Le SXO, nouvelle arnaque marketing ?

Veuillez nous excuser ce titre par trop provocateur, à dessein toutefois, et sans arrière-pensée quant à l’avis que nous formulons à l’encontre de cette jeune discipline qui fleurit dans les prairies numériques.

Le SXO, ou Search eXperience Optimization, désigne l’optimisation de l’expérience utilisateur sur un site web, un objectif fort louable au premier regard puisque, après tout, ce sont les utilisateurs qui font la pluie et le beau temps sur le chiffre d’affaires ; dès lors, soigner leur parcours et leur expérience au sein des différentes pages stratégiques du site ne peut qu’avoir des effets positifs sur la conversion. Quel mal y aurait-il donc dans la pratique du SXO ?

Le mal, comme d’habitude, provient de ces quelques webmarketeurs zélés d’outre-atlantique obstinés à révolutionner le web tous les cinq minutes. Dans leurs délires subversifs, ils ont inventé le SXO, alliance improbable des grands principes de l’UX Design et du SEO, en expliquant notamment que le SEO ne suffisait plus, qu’il était presque mort, qu’il était nécessaire d’aller plus loin et de se préoccuper davantage de l’utilisateur.

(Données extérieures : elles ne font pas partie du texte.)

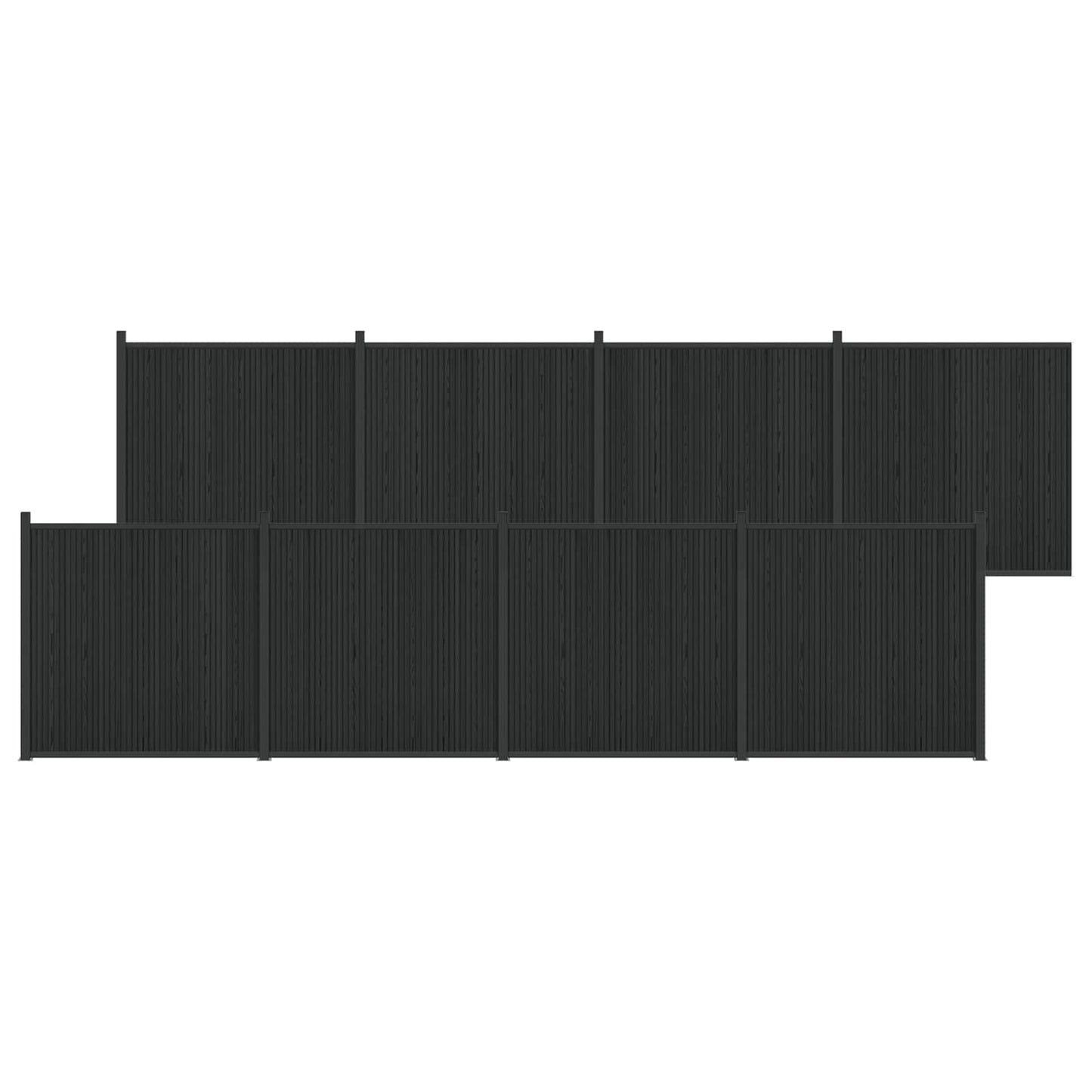 Fence Panel 8 pcs WPC and Aluminium Black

Il n’est guère étonnant d’assister à de véritables massacres lorsque l’on confie des sujets d’importance aux webmarketeurs du dimanche. Peut-être que si l’on raisonnait davantage et que l’on cherchait moins à faire le buzz à tout prix, on assisterait moins à ce genre d’errances intellectuelles qui inflige d’importants dommages et au SEO, et à l’UX.

Il est plus que temps d’arrêter cette gabegie crasse d’ignorance et de renvoyer le SXO dans la fosse de l’oubli, et nous commencerons d’abord par quelques arguments d’autorité qui mettrons déjà, nous l’espérons, tout le monde d’accord à ce sujet.

 

Définitions de l’UX et du SEO

L’exercice de la définition peut paraître rengaine, mais c’est le seul moyen de savoir ce dont on parle avec précision, et de jeter les bases de compréhensions communes quant aux concepts manipulés durant une démonstration. Commençons avec l’UX Design, via différentes sources, qui pour la plupart soulignent la difficulté de la définir sans paraître trop réducteur :

« Le UX design consiste à penser et à concevoir un site web de manière à ce que l’expérience utilisateur soit la meilleure possible. » – 1min30

« L’UX-Design (User eXperience Design) est une discipline dont l’objectif est de concevoir un produit au service des utilisateurs. » – UX Republic

« L’UX design ou User Experience Design est une discipline permettant d’augmenter les performances d’un site web ou d’une application mobile en le rendant parfaitement conforme aux attentes des utilisateurs. » – Creads

« User experience (UX) design is the process design teams use to create products that provide meaningful and relevant experiences to users. » – Interaction Design

On le voit ici au travers de ces quatre définitions, l’UX Design vise à créer une expérience conforme aux besoins de l’utilisateur, et optimale dans ses mécanismes de fonctionnement. La discipline entière est vouée à l’internaute : on tient compte de ses besoins et on adapte le site (ou l’application) en fonction de ses desiderata.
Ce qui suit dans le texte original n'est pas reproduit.